_Source records_
:::::

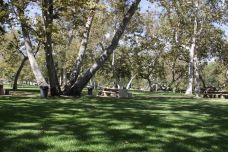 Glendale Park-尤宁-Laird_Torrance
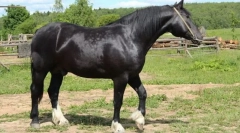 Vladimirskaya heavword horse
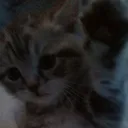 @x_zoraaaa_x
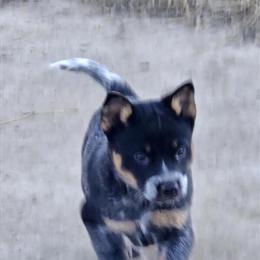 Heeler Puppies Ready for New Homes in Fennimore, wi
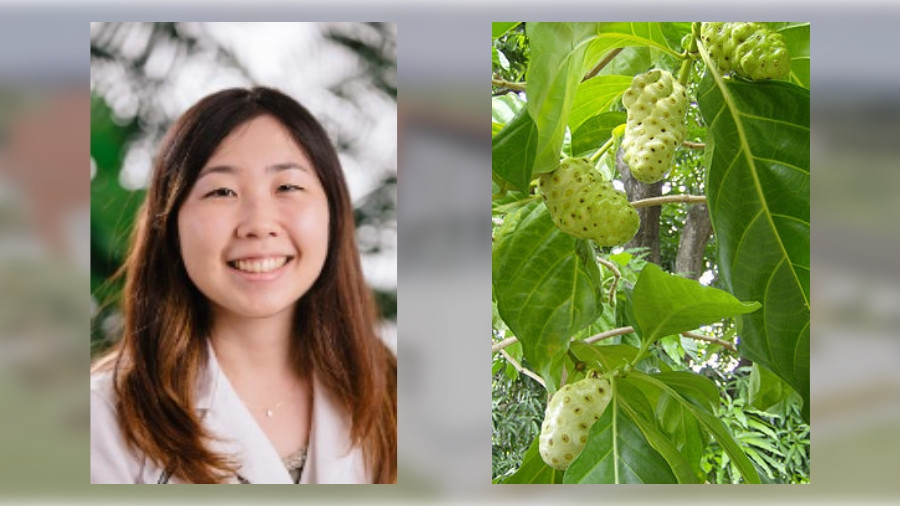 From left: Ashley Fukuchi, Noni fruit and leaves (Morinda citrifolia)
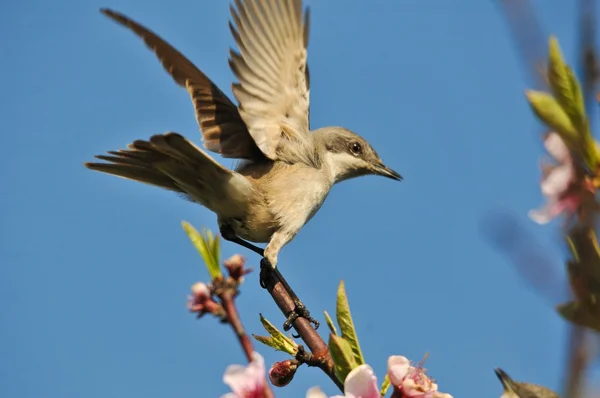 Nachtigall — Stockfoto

:::::

_Task description_
In the listing above, retype exactly, and only, the lines from the one containing "From left: Ashley" through the last line, both included. Omit the pictures.

_Answer for this exercise_
 From left: Ashley Fukuchi, Noni fruit and leaves (Morinda citrifolia)
 Nachtigall — Stockfoto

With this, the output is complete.